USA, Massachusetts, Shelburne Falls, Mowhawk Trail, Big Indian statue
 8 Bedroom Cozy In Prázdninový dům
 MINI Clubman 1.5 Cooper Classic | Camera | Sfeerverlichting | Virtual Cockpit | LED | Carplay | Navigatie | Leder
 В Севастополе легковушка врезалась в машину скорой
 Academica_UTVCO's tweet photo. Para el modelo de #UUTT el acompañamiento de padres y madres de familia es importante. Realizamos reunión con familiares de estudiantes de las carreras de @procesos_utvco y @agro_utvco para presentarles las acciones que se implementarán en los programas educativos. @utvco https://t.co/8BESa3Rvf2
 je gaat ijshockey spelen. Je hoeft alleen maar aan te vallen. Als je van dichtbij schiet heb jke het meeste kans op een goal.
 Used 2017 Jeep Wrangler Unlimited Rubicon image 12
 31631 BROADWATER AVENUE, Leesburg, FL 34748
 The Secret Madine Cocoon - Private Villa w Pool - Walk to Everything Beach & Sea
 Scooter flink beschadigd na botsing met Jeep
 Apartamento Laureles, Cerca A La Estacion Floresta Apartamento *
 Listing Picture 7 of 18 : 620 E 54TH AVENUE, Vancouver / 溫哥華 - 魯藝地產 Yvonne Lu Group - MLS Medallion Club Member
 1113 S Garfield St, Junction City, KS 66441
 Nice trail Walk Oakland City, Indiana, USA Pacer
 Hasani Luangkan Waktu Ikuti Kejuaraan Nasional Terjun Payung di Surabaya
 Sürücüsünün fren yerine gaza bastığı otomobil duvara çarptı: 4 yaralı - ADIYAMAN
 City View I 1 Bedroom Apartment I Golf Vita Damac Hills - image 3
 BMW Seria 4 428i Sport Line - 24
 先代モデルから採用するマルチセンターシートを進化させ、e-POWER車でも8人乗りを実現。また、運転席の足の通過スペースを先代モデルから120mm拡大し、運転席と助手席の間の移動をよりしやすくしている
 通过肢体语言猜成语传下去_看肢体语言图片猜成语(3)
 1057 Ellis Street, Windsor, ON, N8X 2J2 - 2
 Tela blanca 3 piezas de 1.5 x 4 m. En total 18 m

» **WHAT TO PRODUCE**
Nothing except a number is needed: how many lines of the entries contain the word "City"?

» **YOUR SOLUTION**
3